Exercise prompt >> All lines from the one containing "Seminar Nasional Kearsipan" to the end of the material are to be given again exactly; leave out every line before it.

Excerpted records >>

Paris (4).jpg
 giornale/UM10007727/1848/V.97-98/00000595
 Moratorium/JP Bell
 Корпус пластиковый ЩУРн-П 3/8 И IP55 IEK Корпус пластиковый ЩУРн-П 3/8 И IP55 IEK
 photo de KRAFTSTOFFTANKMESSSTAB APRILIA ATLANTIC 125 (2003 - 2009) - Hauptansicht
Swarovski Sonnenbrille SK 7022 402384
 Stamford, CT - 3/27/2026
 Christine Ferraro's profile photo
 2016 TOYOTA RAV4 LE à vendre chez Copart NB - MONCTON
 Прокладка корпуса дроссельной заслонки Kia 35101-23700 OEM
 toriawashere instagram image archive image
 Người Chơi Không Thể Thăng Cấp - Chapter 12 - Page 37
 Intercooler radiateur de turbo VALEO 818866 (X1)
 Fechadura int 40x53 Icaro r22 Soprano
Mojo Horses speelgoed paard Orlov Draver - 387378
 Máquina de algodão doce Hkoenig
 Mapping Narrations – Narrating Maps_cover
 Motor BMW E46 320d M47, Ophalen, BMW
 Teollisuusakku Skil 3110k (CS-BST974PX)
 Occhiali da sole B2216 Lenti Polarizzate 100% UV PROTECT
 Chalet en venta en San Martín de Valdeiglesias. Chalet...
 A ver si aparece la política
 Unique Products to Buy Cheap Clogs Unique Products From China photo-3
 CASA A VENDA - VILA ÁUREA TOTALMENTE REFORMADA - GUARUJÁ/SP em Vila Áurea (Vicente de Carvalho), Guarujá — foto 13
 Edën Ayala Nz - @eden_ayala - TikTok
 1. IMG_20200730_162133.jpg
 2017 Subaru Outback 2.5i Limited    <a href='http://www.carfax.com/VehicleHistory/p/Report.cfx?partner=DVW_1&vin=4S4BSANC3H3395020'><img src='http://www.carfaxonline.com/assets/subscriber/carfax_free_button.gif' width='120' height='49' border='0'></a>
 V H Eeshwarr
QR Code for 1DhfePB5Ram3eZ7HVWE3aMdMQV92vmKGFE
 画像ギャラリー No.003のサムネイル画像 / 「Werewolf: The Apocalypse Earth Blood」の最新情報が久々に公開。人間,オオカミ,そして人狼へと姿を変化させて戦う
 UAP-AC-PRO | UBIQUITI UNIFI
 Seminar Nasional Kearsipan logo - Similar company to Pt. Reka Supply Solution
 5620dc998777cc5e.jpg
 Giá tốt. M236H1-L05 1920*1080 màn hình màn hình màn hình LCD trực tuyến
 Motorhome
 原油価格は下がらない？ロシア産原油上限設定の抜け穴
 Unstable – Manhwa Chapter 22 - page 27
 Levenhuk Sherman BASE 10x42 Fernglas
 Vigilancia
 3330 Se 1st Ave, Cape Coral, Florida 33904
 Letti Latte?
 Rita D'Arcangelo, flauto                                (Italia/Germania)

Reply >>
 Seminar Nasional Kearsipan logo - Similar company to Pt. Reka Supply Solution
 5620dc998777cc5e.jpg
 Giá tốt. M236H1-L05 1920*1080 màn hình màn hình màn hình LCD trực tuyến
 Motorhome
 原油価格は下がらない？ロシア産原油上限設定の抜け穴
 Unstable – Manhwa Chapter 22 - page 27
 Levenhuk Sherman BASE 10x42 Fernglas
 Vigilancia
 3330 Se 1st Ave, Cape Coral, Florida 33904
 Letti Latte?
 Rita D'Arcangelo, flauto                                (Italia/Germania)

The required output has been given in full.